GOAL OF THE EXERCISE:
Which lines in the records below mention the word "this"? Copy each one out.

DATA FOR PROCESSING:

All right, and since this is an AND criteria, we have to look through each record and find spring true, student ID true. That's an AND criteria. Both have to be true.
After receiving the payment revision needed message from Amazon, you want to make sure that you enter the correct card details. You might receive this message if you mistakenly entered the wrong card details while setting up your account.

...

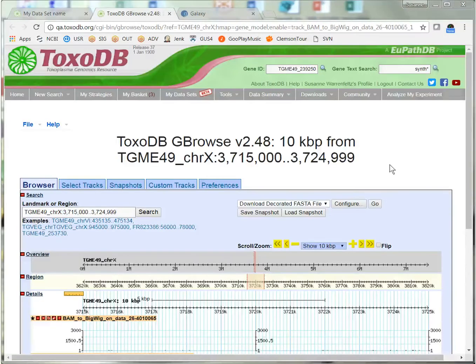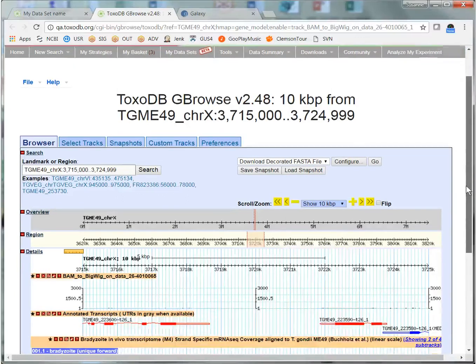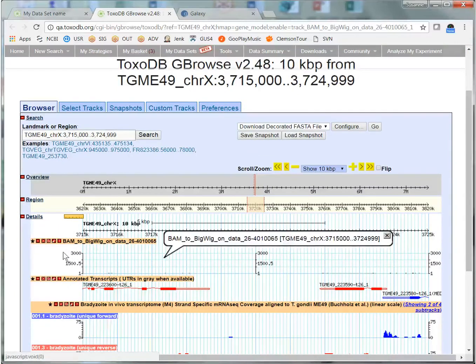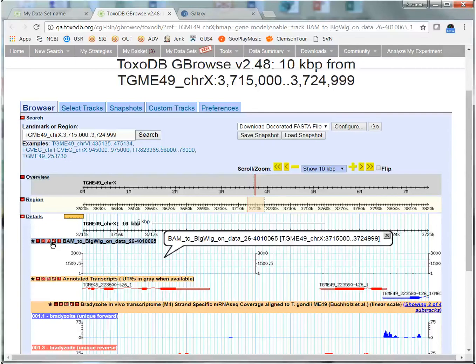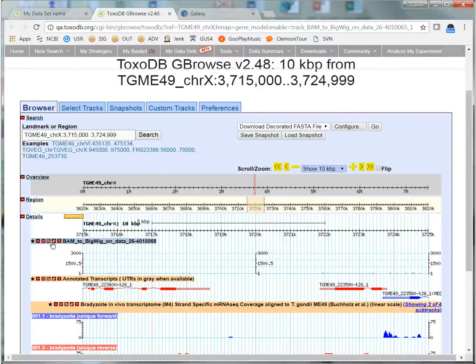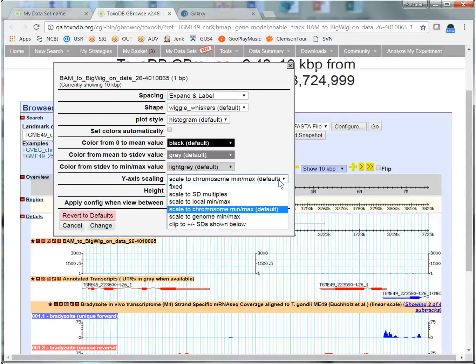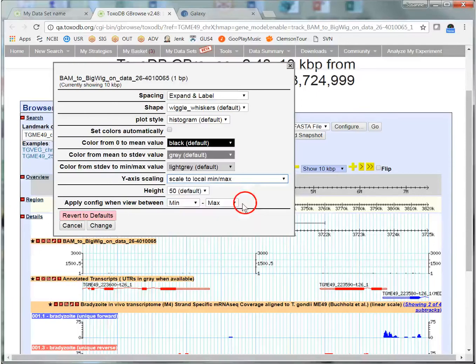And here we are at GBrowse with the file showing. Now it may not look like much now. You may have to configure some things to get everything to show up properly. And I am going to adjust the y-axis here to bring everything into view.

PROBLEM SOLUTION:
All right, and since this is an AND criteria, we have to look through each record and find spring true, student ID true. That's an AND criteria. Both have to be true.
After receiving the payment revision needed message from Amazon, you want to make sure that you enter the correct card details. You might receive this message if you mistakenly entered the wrong card details while setting up your account.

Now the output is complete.